# Lab 3.1 – Agent with watsonx.ai + Accelerator RAG API

This notebook implements the Lab 3.1 agent in the `simple-watsonx-environment`.

High-level flow:

1. The accelerator FastAPI service exposes a `/ask` endpoint for RAG.
2. We wrap `/ask` as a **tool** (`rag_service_tool`).
3. We add a small **calculator tool** for arithmetic.
4. Granite on watsonx.ai acts as a **planner + final answer generator**.

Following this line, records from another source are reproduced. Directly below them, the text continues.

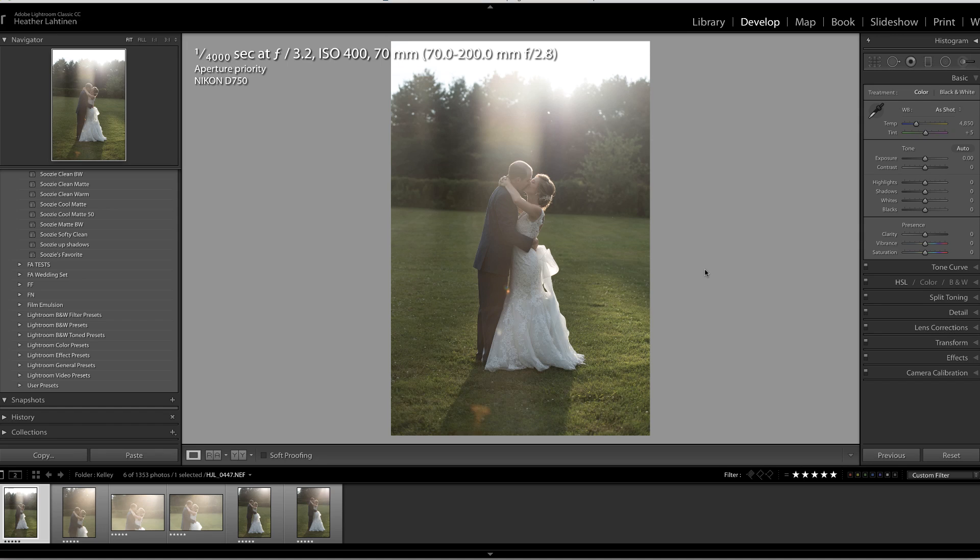In this video, we are going to explore a little-known feature inside of Lightroom, but first, make sure you join us in our free, private Facebook community so that you don't miss another live video.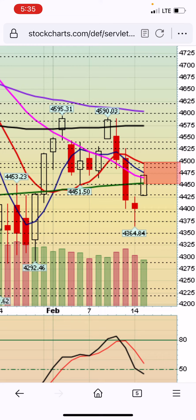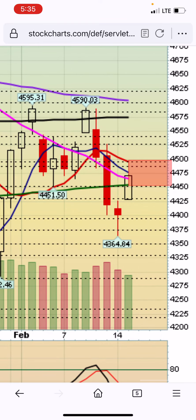It's still in that zone of very strong resistance. As I mentioned in the previous video, I do not want to participate anywhere in this range between 4450 and 4500. I will be interested once it pushes above 4500.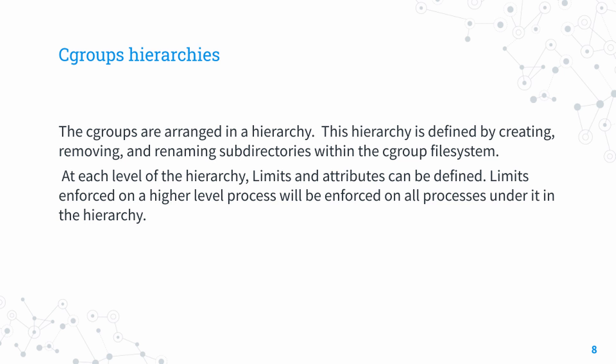These hierarchies are independent, and when we create a new process, it will have a node in each of these hierarchies. Since cgroups exist in a hierarchical format, any limits or attributes defined for a higher level cgroup will be shared by any of its child cgroups and processes within them.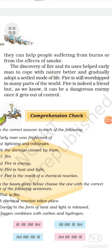The discovery of fire and its usage helped early men to cope with — meaning deal with — nature better, and gradually adopt a settled mode of life. Fire is still worshipped in many parts of the world, just like we worship fire on Holi. Fire is indeed a friend, but it can be a dangerous enemy once it gets out of control.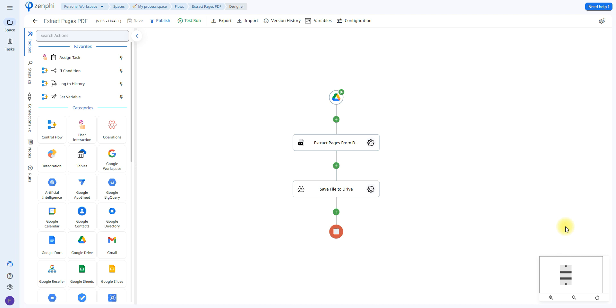Hello and welcome. Today we're going to be going over how you can create a Zenfee flow that will automatically extract certain pages from a PDF and then upload that updated document to your Google Drive. So let's go ahead and get started.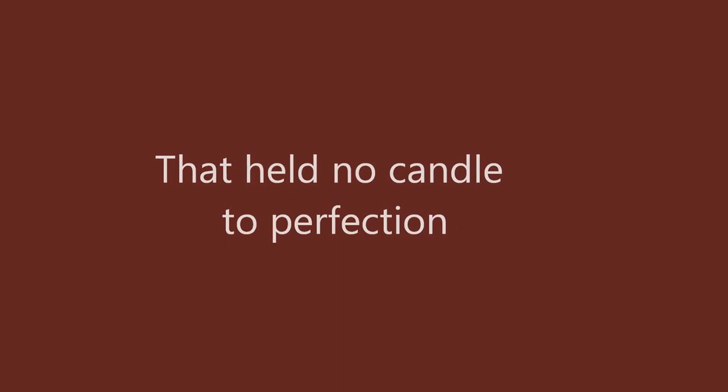Once I had such strong affection, I held no candle to perfection. Never saw she is gone. So long, the lady's gone.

You can adapt this to your own models and endpoints as needed.


In [None]:
# Install dependencies (run once per environment)
!pip install -q "ibm-watsonx-ai>=1.1.22" requests pydantic


In [None]:
import os
import json
import time
import ast
import operator as op
from typing import Dict, Any

import requests
from pydantic import BaseModel
from ibm_watsonx_ai import Credentials
from ibm_watsonx_ai.foundation_models import Model
from ibm_watsonx_ai.metanames import GenTextParamsMetaNames as GenParams
from ibm_watsonx_ai.foundation_models.utils.enums import DecodingMethods

# --- Configuration ---
ACCELERATOR_API_URL = os.getenv("ACCELERATOR_API_URL", "http://localhost:8000/ask")
WATSONX_URL = os.getenv("WATSONX_URL", "https://us-south.ml.cloud.ibm.com")
WATSONX_APIKEY = os.getenv("WATSONX_APIKEY") or input("WATSONX_APIKEY: ")
WATSONX_PROJECT_ID = os.getenv("WATSONX_PROJECT_ID") or input("WATSONX_PROJECT_ID: ")
LLM_MODEL_ID = os.getenv("LLM_MODEL_ID", "ibm/granite-3-3-8b-instruct")

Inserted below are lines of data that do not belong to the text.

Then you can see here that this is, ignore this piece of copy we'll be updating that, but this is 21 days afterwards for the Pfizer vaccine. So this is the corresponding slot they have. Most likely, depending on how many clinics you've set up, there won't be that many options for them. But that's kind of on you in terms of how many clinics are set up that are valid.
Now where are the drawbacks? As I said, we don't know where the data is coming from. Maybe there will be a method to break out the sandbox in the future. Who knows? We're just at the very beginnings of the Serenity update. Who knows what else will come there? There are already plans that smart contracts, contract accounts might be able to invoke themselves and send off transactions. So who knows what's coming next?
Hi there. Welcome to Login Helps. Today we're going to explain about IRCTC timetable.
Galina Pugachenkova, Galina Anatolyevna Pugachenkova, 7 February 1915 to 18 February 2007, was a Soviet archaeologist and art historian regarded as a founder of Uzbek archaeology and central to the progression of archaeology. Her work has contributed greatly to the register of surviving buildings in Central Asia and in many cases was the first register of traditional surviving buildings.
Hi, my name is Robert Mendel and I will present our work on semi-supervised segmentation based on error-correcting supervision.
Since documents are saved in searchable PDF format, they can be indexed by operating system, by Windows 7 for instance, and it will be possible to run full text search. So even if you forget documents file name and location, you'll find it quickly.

creds = Credentials(url=WATSONX_URL, api_key=WATSONX_APIKEY)
params = {
    GenParams.DECODING_METHOD: DecodingMethods.GREEDY,
    GenParams.MAX_NEW_TOKENS: 512,
    GenParams.MIN_NEW_TOKENS: 1,
    GenParams.TEMPERATURE: 0.2,
}

planner_model = Model(
    model_id=LLM_MODEL_ID,
    credentials=creds,
    project_id=WATSONX_PROJECT_ID,
    params=params,
)


## Define Tools

We define two tools:

- `rag_service_tool(question)` – calls the accelerator `/ask` endpoint.
- `calculator_tool(expression)` – safely evaluates arithmetic expressions.


In [None]:
def rag_service_tool(question: str) -> Dict[str, Any]:
    """Call the accelerator `/ask` endpoint with the given question.

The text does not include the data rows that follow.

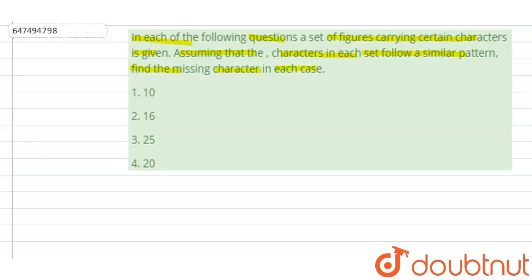So children, the question asks us to look at patterns in the given options. We have 4 options given. The first option is 10, the second option is 16, the third option is 25, the fourth option is 20.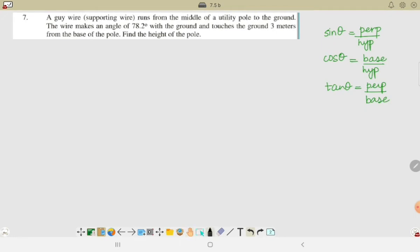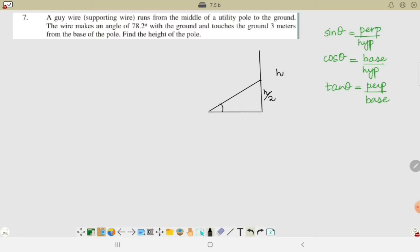Next question: A guy wire — the supporting wire — runs from the middle of a utility pole to the ground. This is the utility pole. If h is the height of the utility pole, the wire runs from the middle, so h/2 is the height of the wire. The wire makes an angle of 78.2 degrees with the ground, three meters from the base of the pole. We need to find the height of the pole.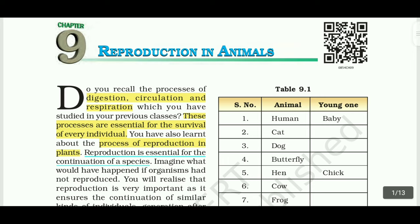Hello everyone, welcome back to my channel Jan Pedagogy. In this section we are going to see about Class 8 Science, Lesson 9, Reproduction in Animals.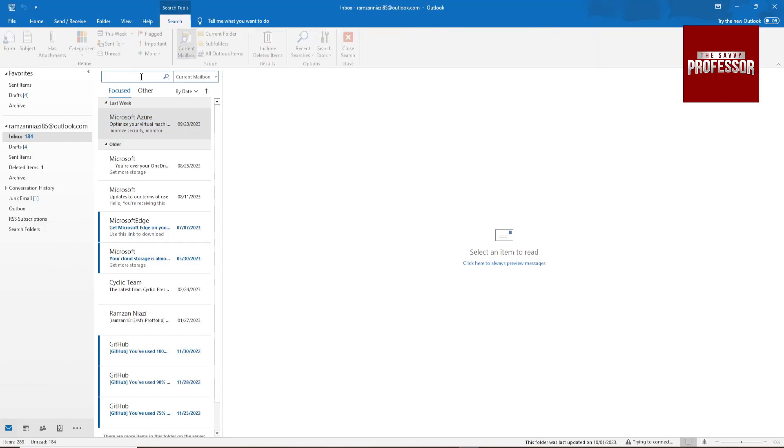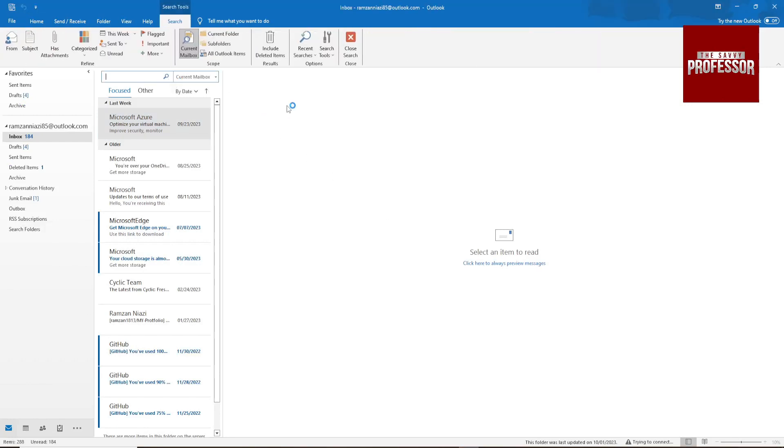Now come to this search box and type the keyword which you want to find related emails. Suppose I am searching for Azure.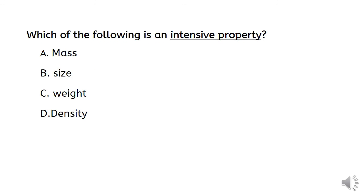And which of the following is an intensive property? Mass, size, weight, or density? As you know, density is an intensive property.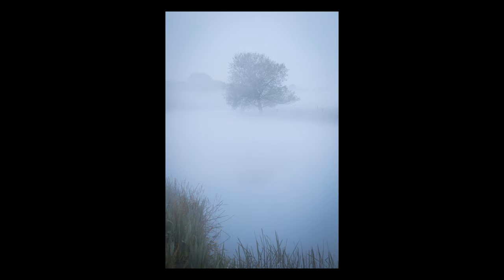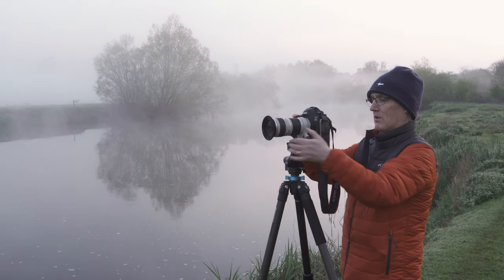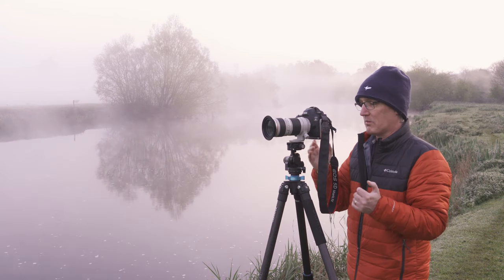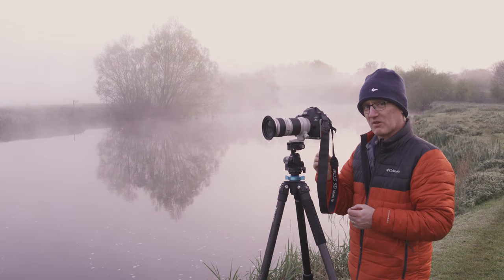I'm going to adjust the composition ever so slightly. I'll have the land coming in from the right-hand side. There are some fence posts there which I normally hate, but in this case they look quite abstract. The tree is just hanging out to the left of the frame, just off the centre. I think it works — this composition actually might work better.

    Returns a dict with keys like `answer`, `citations`, `model_id`, `latency_ms`.
    The exact schema depends on your accelerator implementation.
    """
    payload = {"question": question}
    start = time.time()
    resp = requests.post(ACCELERATOR_API_URL, json=payload, timeout=60)
    latency_ms = int((time.time() - start) * 1000)
    resp.raise_for_status()
    data = resp.json()
    data.setdefault("latency_ms", latency_ms)
    return data


# --- Safe calculator implementation using AST ---
_allowed_operators = {
    ast.Add: op.add,
    ast.Sub: op.sub,
    ast.Mult: op.mul,
    ast.Div: op.truediv,
    ast.Pow: op.pow,
    ast.Mod: op.mod,
}


def _eval_ast(node):
    if isinstance(node, ast.Num):  # type: ignore[attr-defined]
        return node.n
    if isinstance(node, ast.BinOp) and type(node.op) in _allowed_operators:
        return _allowed_operators[type(node.op)](_eval_ast(node.left), _eval_ast(node.right))
    if isinstance(node, ast.UnaryOp) and isinstance(node.op, (ast.UAdd, ast.USub)):
        value = _eval_ast(node.operand)
        return +value if isinstance(node.op, ast.UAdd) else -value
    raise ValueError("Unsupported expression")


def calculator_tool(expression: str) -> str:
    """Safely evaluate a simple arithmetic expression.

    Supports +, -, *, /, %, and exponentiation. No function calls or variables.
    """
    try:
        parsed = ast.parse(expression, mode="eval")
        result = _eval_ast(parsed.body)
        return str(result)
    except Exception as e:
        return f"Error evaluating expression: {e}"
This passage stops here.